The discrete random variables \(X\) and \(Y\) can each take the values \(1\), \(\ldots\,\), \(n\) (where \(n\ge2\)). Their joint probability distribution is given by \[ \P(X=x, \ Y=y) = k(x+y) \,, \] where \(k\) is a constant.

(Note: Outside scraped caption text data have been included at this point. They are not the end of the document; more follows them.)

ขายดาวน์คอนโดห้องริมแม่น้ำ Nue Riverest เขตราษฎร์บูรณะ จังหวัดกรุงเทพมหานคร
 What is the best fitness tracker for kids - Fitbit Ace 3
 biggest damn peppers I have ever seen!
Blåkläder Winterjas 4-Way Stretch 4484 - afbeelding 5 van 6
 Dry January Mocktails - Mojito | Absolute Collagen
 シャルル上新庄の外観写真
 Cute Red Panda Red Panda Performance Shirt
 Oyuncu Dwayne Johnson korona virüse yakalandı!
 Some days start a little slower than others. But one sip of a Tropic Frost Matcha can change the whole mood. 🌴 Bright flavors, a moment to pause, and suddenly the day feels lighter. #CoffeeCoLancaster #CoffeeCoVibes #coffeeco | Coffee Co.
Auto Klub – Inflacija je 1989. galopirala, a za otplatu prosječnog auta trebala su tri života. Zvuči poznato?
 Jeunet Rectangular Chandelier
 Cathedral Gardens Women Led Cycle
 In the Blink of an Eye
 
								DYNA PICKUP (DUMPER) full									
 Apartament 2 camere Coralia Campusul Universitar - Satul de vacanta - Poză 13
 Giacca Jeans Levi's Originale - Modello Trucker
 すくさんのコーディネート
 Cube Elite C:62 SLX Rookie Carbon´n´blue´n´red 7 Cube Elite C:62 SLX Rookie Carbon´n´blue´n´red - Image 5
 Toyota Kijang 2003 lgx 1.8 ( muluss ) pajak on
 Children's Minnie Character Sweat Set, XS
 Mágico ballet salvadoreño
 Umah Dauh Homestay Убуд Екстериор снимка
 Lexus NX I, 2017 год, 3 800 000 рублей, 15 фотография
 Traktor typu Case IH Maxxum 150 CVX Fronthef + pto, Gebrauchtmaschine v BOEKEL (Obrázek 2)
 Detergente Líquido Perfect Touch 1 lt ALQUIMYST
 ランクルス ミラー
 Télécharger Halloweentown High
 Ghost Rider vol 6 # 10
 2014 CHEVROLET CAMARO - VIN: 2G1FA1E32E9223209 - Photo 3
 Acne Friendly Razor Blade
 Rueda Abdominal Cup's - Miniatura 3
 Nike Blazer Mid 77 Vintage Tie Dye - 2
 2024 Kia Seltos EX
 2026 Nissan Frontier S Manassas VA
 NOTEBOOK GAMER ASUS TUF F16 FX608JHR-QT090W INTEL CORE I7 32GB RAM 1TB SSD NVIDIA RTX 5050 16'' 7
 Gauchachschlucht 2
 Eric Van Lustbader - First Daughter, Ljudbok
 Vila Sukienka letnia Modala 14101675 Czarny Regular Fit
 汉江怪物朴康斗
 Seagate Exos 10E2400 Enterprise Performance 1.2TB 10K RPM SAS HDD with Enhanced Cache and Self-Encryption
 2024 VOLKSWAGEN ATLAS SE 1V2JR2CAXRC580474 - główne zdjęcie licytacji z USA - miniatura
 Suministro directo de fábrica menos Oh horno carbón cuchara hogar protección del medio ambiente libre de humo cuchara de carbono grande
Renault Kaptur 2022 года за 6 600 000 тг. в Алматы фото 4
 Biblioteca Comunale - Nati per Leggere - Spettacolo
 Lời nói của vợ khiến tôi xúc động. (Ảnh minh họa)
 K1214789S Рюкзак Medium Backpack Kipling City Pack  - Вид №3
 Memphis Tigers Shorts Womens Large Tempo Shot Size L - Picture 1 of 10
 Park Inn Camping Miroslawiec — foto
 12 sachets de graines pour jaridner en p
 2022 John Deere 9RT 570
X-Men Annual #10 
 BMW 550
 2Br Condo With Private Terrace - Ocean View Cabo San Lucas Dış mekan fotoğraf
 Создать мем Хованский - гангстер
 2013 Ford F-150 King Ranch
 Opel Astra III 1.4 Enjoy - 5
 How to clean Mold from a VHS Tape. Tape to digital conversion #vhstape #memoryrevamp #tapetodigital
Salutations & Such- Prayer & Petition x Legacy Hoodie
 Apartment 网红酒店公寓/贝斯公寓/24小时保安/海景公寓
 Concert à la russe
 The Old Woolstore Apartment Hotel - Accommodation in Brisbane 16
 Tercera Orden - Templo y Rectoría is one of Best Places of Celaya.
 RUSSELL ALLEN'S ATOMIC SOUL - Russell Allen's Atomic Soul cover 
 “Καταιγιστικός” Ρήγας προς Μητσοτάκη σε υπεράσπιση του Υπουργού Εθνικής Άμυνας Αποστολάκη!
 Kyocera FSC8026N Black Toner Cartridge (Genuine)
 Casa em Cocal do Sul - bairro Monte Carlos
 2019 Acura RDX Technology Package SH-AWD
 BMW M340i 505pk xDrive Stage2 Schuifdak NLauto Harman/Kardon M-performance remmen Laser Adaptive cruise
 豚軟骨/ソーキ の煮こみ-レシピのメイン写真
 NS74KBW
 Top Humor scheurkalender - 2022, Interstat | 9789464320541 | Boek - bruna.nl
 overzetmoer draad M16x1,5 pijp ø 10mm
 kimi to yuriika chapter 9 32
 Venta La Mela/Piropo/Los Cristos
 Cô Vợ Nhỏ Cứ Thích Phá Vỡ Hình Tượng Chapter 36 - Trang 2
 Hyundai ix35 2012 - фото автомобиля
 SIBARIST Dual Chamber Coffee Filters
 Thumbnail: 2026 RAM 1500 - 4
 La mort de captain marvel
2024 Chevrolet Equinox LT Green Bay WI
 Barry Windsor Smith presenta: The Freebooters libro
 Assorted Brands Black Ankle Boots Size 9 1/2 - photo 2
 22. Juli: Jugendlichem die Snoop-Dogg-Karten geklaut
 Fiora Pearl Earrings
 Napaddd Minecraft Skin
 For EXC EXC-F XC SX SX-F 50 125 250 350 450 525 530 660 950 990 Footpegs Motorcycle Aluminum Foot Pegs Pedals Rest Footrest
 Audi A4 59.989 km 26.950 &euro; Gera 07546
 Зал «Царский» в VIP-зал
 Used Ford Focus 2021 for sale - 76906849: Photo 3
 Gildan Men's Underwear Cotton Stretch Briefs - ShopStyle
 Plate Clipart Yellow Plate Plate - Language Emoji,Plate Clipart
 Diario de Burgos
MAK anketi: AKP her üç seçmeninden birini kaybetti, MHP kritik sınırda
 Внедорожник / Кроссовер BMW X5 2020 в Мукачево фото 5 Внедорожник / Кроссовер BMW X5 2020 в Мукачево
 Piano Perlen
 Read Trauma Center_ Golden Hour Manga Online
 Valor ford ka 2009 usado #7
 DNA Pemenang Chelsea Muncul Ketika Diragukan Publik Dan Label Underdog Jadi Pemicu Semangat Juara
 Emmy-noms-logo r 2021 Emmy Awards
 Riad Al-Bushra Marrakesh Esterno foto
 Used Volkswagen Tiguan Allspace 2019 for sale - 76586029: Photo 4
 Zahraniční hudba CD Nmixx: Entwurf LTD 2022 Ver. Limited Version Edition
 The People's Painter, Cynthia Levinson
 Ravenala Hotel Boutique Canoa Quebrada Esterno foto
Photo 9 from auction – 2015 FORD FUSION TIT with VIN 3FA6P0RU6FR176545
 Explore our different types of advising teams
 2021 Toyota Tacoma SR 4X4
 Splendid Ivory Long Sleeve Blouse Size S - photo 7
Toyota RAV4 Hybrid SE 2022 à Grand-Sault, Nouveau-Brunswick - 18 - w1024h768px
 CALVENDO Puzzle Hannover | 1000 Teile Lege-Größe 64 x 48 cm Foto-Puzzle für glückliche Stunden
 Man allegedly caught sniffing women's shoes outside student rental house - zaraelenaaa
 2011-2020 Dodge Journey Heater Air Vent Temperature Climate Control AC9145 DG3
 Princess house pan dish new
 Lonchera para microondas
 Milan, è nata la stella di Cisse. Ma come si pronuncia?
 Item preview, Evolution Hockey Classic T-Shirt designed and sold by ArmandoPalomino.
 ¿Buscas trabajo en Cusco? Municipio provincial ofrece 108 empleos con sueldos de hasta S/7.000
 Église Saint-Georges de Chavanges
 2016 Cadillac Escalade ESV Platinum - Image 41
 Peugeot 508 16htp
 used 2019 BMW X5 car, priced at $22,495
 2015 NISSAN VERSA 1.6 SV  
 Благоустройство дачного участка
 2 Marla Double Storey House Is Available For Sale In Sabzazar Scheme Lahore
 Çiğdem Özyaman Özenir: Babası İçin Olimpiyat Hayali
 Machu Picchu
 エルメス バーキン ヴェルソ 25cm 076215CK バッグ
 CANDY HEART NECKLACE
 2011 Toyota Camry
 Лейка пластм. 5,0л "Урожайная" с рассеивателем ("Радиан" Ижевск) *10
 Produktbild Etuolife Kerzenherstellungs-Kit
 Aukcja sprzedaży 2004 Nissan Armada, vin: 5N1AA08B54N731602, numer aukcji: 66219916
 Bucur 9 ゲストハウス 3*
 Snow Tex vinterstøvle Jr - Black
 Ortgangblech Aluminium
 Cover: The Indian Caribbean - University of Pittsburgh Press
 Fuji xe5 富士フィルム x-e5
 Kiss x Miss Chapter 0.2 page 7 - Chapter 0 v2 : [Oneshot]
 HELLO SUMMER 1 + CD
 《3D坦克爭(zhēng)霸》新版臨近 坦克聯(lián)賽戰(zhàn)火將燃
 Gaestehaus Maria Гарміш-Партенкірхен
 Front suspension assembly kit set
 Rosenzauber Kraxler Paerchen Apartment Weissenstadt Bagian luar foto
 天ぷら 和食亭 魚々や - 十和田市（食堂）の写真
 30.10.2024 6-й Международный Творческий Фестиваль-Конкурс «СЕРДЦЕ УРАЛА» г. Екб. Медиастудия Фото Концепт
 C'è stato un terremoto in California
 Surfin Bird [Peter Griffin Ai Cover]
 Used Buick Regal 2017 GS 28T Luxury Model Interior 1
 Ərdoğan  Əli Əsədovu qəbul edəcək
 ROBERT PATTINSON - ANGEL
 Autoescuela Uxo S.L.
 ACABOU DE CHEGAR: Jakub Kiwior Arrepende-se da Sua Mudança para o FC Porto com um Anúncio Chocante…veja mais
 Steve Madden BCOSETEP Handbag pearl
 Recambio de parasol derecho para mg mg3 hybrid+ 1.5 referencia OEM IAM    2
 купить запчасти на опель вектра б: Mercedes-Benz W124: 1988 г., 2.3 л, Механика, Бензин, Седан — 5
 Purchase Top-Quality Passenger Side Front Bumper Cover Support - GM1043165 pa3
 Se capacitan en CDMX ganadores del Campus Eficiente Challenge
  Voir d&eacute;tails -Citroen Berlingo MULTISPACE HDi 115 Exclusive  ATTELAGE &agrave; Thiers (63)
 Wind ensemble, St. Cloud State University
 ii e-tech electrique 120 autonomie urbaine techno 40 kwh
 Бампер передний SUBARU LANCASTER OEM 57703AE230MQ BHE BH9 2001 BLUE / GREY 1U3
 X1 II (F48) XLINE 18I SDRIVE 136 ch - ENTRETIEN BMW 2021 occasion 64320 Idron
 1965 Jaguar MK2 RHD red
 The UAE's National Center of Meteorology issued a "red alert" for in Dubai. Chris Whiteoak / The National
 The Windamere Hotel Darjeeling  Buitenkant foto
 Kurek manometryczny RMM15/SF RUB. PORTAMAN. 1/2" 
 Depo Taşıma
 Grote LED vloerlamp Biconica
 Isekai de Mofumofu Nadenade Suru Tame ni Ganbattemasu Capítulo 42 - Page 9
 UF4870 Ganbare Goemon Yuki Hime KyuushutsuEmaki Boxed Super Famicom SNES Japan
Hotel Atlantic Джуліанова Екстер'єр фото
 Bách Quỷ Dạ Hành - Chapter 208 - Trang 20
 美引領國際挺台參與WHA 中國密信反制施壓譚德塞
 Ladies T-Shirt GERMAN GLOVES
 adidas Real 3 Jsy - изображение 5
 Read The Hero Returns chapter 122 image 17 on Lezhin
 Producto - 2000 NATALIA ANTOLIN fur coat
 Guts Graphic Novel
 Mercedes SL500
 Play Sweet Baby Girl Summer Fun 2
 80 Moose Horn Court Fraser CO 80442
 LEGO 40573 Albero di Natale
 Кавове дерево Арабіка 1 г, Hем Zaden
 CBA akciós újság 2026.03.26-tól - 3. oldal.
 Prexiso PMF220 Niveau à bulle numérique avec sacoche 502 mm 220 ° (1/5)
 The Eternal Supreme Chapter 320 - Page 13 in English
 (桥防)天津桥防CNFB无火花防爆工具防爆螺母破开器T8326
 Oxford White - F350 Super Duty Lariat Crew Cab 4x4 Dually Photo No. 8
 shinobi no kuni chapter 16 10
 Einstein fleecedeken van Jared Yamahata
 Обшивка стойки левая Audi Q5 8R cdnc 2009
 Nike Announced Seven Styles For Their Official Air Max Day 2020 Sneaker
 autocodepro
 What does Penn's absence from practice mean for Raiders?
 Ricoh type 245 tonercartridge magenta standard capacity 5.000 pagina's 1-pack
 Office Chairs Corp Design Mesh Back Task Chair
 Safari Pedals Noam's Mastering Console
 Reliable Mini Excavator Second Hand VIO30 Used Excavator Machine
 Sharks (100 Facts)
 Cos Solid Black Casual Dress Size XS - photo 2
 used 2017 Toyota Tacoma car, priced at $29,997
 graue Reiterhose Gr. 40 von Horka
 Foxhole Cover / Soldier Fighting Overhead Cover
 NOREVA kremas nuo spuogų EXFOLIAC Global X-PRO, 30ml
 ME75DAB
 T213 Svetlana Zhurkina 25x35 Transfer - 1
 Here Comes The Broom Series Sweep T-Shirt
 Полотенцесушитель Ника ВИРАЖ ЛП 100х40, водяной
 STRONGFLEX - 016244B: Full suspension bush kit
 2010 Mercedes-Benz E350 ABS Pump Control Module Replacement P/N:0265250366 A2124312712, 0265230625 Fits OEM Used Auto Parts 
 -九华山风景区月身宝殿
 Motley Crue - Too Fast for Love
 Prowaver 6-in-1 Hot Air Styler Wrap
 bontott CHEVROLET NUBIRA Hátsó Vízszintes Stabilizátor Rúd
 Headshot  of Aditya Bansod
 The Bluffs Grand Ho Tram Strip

  1. Show that \[ \P(X=x) = \dfrac{n+1+2x}{2n(n+1)}\,. \] Hence determine whether \(X\) and \(Y\) are independent.
  2. Show that the covariance of \(X\) and \(Y\) is negative.

Show Solution
  1. \(\,\) \begin{align*} && \mathbb{P}(X = x) &= \sum_{y=1}^n \mathbb{P}(X=x,Y=y) \\ &&&= \sum_{y=1}^n k(x+y) \\ &&&= nkx + k\frac{n(n+1)}2 \\ \\ && 1 &= \sum_{x=1}^n \mathbb{P}(X=x) \\ &&&= nk\frac{n(n+1)}{2} + kn\frac{n(n+1)}2 \\ &&&= kn^2(n+1) \\ \Rightarrow && k &= \frac{1}{n^2(n+1)} \\ \Rightarrow && \mathbb{P}(X = x) &= \frac{nx}{n^2(n+1)} + \frac{n(n+1)}{2n^2(n+1)} \\ &&&= \frac{n+1+2x}{2n(n+1)} \\ \\ && \mathbb{P}(X=x)\mathbb{P}(Y=y) &= \frac{(n+1)^2+2(n+1)(x+y)+4xy}{4n^2(n+1)^2} \\ &&&\neq \frac{x+y}{n^2(n+1)} \end{align*} Therefore \(X\) and \(Y\) are not independent.
  2. \(\,\) \begin{align*} && \E[X] &= \sum_{x=1}^n x \mathbb{P}(X=x) \\ &&&= \sum_{x=1}^n x \mathbb{P}(X=x)\\ &&&= \sum_{x=1}^n x \frac{n+1+2x}{2n(n+1)} \\ &&&= \frac{1}{2n(n+1)} \left ( (n+1) \sum x + 2\sum x^2\right)\\ &&&= \frac{1}{2n(n+1)} \left ( \frac{n(n+1)^2}{2} + \frac{n(n+1)(2n+1)}{3} \right) \\ &&&= \frac{1}{2} \left ( \frac{n+1}{2} + \frac{2n+1}{3} \right)\\ &&&= \frac{1}{2} \left ( \frac{7n+5}{6} \right)\\ &&&= \frac{7n+5}{12} \\ \\ && \textrm{Cov}(X,Y) &= \mathbb{E}\left[XY\right] - \E[X] \E[Y] \\ &&&= \sum_{x=1}^n \sum_{y=1}^n xy \frac{x+y}{n^2(n+1)} - \E[X]^2 \\ &&&= \frac{1}{n^2(n+1)} \sum \sum (x^2 y+xy^2) - \E[X]^2 \\ &&&= \frac{1}{n^2(n+1)} \left (\sum y \right )\left (\sum x^2\right ) - \E[X]^2 \\ &&&=\frac{(n+1)(2n+1)}{12} - \left ( \frac{7n+5}{12}\right)^2 \\ &&&= \frac1{144} \left (12(2n^2+3n+1) - (49n^2+70n+25) \right)\\ &&&= \frac{1}{144} \left (-25n^2-34n-13 \right) \\ &&& < 0 \end{align*} since \(\Delta = 34^2 - 4 \cdot 25 \cdot 13 = 4(17^2-25 \times 13) = -4 \cdot 36 < 0\)
2016 Paper 3 Q13
D: 1700.0 B: 1500.0

Given a random variable \(X\) with mean \(\mu\) and standard deviation \(\sigma\), we define the kurtosis, \(\kappa\), of \(X\) by \[ \kappa = \frac{ \E\big((X-\mu)^4\big)}{\sigma^4} -3 \,. \] Show that the random variable \(X-a\), where \(a\) is a constant, has the same kurtosis as \(X\).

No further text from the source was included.